East Hampton Deer Committee Recommends Bow Hunting With Eye Toward Spaying

Sep 16, 2014 5:48 PM

The East Hampton Town Deer Management Advisory Committee has released its annual report, which recommends that the Town Board use local, trained volunteers to do selective bow hunting on town and private land starting on a small scale this hunting season.

In its report, the committee suggests additionally allowing a few select hunters to kill deer on some Wednesdays at the town’s sanitation facilities in Montauk and East Hampton, when they are closed, or in the northern section of Springs.

Another way the town could start controlling the herd would be to offer nuisance permits allowing hunters to kill deer on public properties out of season, perhaps in February or March when land is not used much recreationally, the committee said.

As it often is in such programs, the meat from harvested deer could be required to be donated to local food pantries, the committee’s report said.

A number of additional properties became eligible this year for hunting when Governor Andrew Cuomo changed the setback limit for bow hunting, cutting it from 500 feet from residential properties and buildings to 150 feet, according to town officials. In July, the Town Board approved the addition of 300 acres of town-owned property to be opened up to bow hunting and 174 acres at Culloden in Montauk to firearm hunting.

In addition to having more land open for this hunting season, which starts October 1 and runs through December 31, the State Department of Environmental Conservation is looking to keep bow hunting open through January, and to extend firearm hunting to the weekends. Currently, hunting with firearms is allowed only on weekdays in January.

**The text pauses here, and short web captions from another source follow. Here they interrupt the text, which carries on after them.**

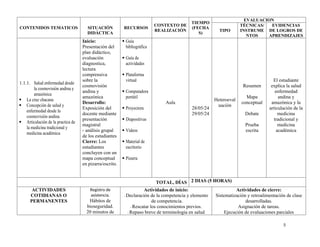 CONTENIDOS TEMATICOS SITUACIÓN
DIDÁCTICA
RECURSOS
CONTEXTO DE
REALIZACIÓN
TIEMPO
(FECHA
S)
EVALUACION
TIPO
TÉCNICAS/
INSTRUME
NTOS
EVIDENCIAS
DE LOGROS DE
APRENDIZAJES
1.1.1. Salud enfermedad desde
la cosmovisión andina y
amazónica
 La cruz chacana
 Concepción de salud y
enfermedad desde la
cosmovisión andina
 Articulación de la practica de
la medicina tradicional y
medicina académica
Inicio:
Presentación del
plan didáctico,
evaluación
diagnostica,
lectura
comprensiva
sobre la
cosmovisión
andina y
amazónica
Desarrollo:
Exposición del
docente mediante
presentación
magistral
- análisis grupal
de los estudiantes
Cierre: Los
estudiantes
concluyen con un
mapa conceptual
en pizarra/escrito.
 Guía
bibliográfica
 Guía de
actividades
 Plataforma
virtual
 Computadora
portátil
 Proyectora
 Diapositivas
 Videos
 Material de
escritorio
 Pizarra
Aula
28/05/24
29/05/24
Heteroeval
uación
Resumen
Mapa
conceptual
Debate
Prueba
escrita
El estudiante
explica la salud
enfermedad
andina y
amazónica y la
articulación de la
medicina
tradicional y
medicina
académica
TOTAL, DÍAS 2 DIAS (5 HORAS)
ACTIVIDADES
COTIDIANAS O
PERMANENTES
Registro de
asistencia.
Hábitos de
bioseguridad.
20 minutos de
Actividades de inicio:
- Declaración de la competencia y elemento
de competencia.
- Rescatar los conocimientos previos.
- Repaso breve de terminología en salud
Actividades de cierre:
Sistematización y retroalimentación de clase
desarrolladas.
Asignación de tareas.
Ejecución de evaluaciones parciales
5
 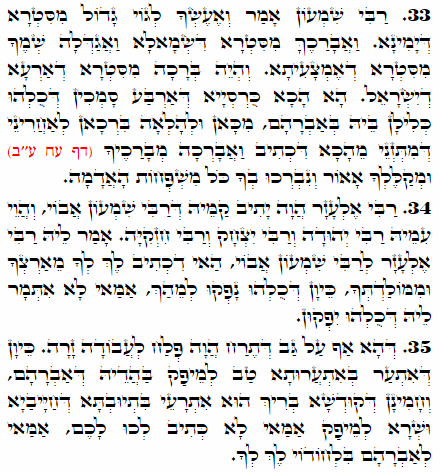Holy Zohar text. Daily Zohar -1952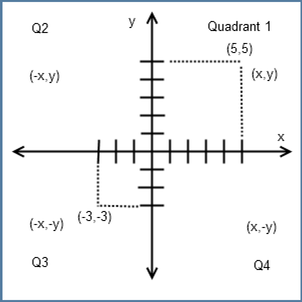 Algebra Cartesian Coordinates.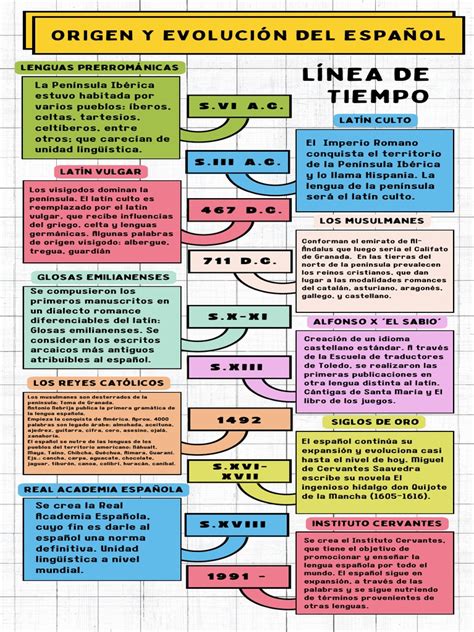Infografía: Línea del tiempo de la evolución del flamenco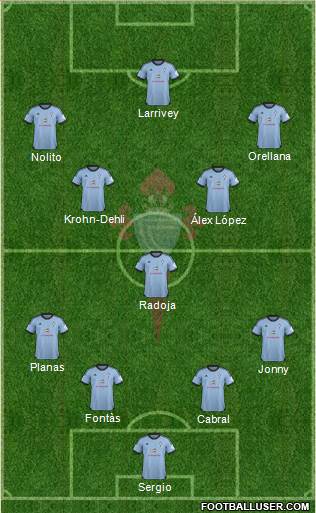 R.C. Celta S.A.D. Formation 2014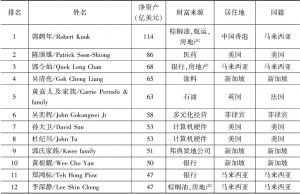 表5 2017年福布斯华人富豪榜中海外华商名单排名
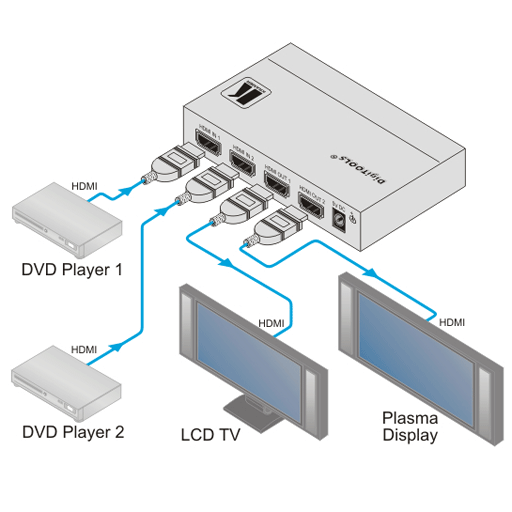 Схема подключения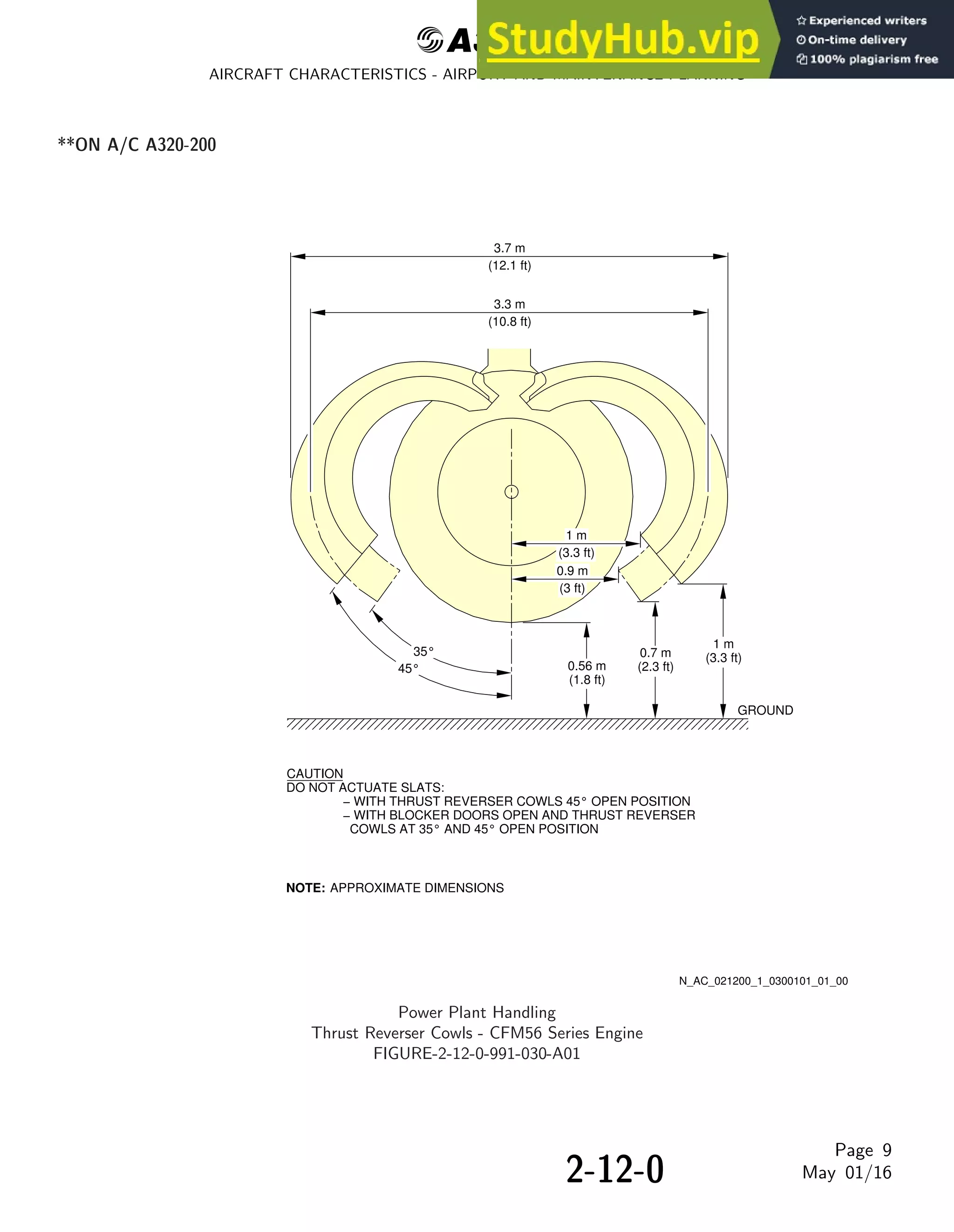 AIRBUS A320 AIRPLANE CHARACTERISTICS FOR AIRPORT PLANNING visual data 5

The town will need to adjust its January permit and lottery system in response, since both bow hunters and hunters using firearms would be applying for January slots, if the DEC goes forward with these changes.

Town Councilman and Deer Management Advisory Committee liaison Fred Overton said it appears the state is allowing more hunting in general. “I hope it’s to give us a little better opportunity to further control the herd,” he said. “A few more days of hunting would give us better control over the herd.”

The committee, however, sees the merit of a non-lethal approach in its report. Over the course of this year, the committee has met with researchers and experts on deer spaying, but for now said it simply will closely follow East Hampton Village’s planned doe spaying program this winter, according to Zachary Cohen, the committee’s chairman. The village’s program will also incorporate hunting.

“I’m thrilled that the village, with mainly private donations, is going forward with this,” Mr. Cohen said on Tuesday. “It’s hard for the town or the village at the moment to put all its money into results that really aren’t there yet. We want something like this in future ... I’m glad the town is going to at least cooperate and going to help in some experiments, but it will not put up money.”

The report states that the deer management coordinator will work with Dr. Anthony DiNicola, who will lead the deer spaying in the village, to use adjacent property within town boundaries as control areas for the program.

In the meantime, the recommendation for the next year is to see how the spaying program goes, but also to gather hard numbers on how many deer are hit by vehicles and the deer’s effect on forest ecology.

Mr. Cohen said the hope is to work with Tom Rawinski of the U.S. Forest Service to learn techniques using plants as an index to measure the impact of the deer population, and suggests that the town budget for the relatively minor expense it would take to have Mr. Rawinski visit.

“We’re trying to reach out, but we’re trying to learn,” Mr. Cohen said. “We’re definitely not trying to be dictatorial in any way, and we want to be respectful.”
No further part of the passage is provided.